Exercise objective - Beginning with the line that holds "CANDLEHOLDER SILVER MERCURY 5IN X 4IN", output every remaining line of the material below exactly, and include none of the pictures.

Data -
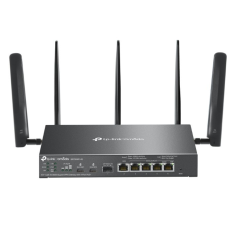 TP-LINK Brama sieciowa gigabitowa Omada 4G+ Cat6 AX3000 VPN with 4-Port PoE+PORT: 1× Gigabit SFP WAN/LAN Port, 1× Gigabit RJ45 WAN Port, 4× Gigabit WAN/LAN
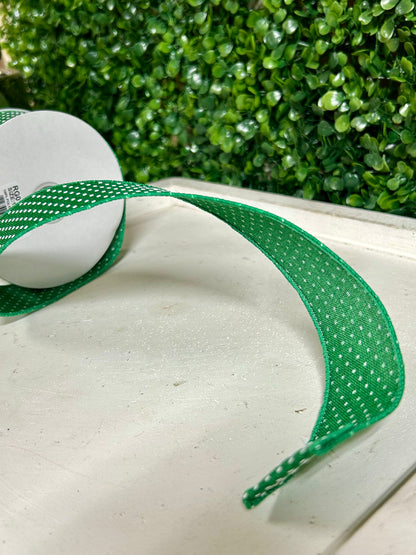 1.5 Inch By 10 Yard Emerald Green And White Raised Swiss Dots On Royal Ribbon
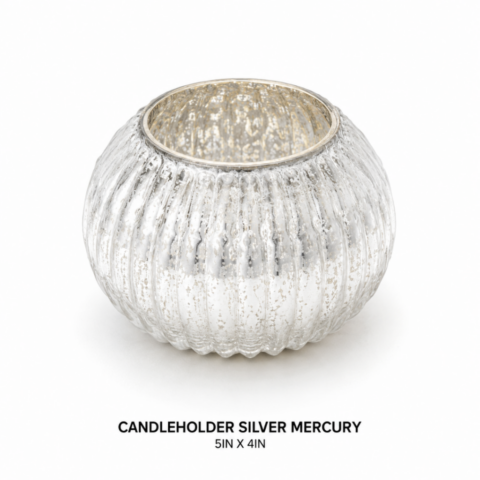 CANDLEHOLDER SILVER MERCURY 5IN X 4IN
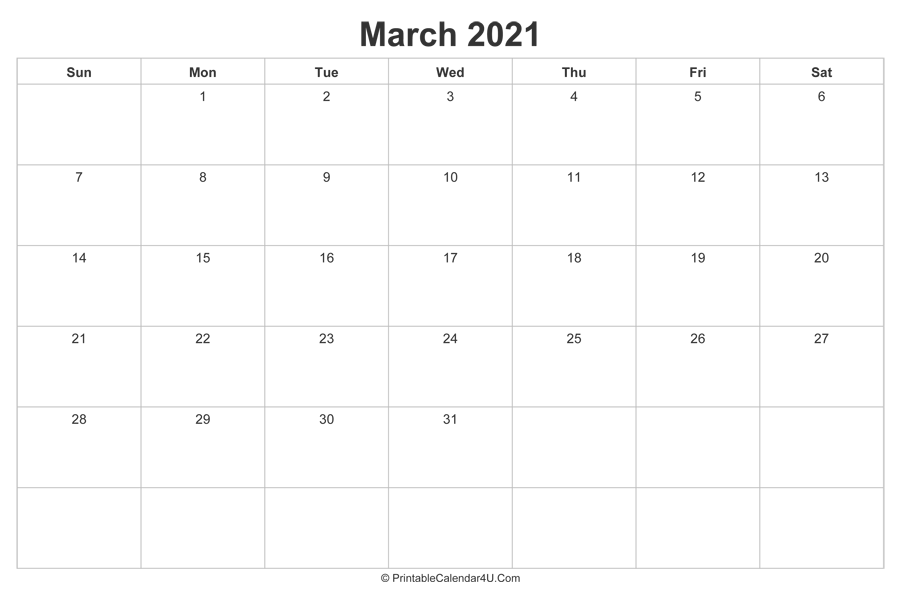 March 2021 Calendar Printable Landscape Layout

Worked solution -
 CANDLEHOLDER SILVER MERCURY 5IN X 4IN
 March 2021 Calendar Printable Landscape Layout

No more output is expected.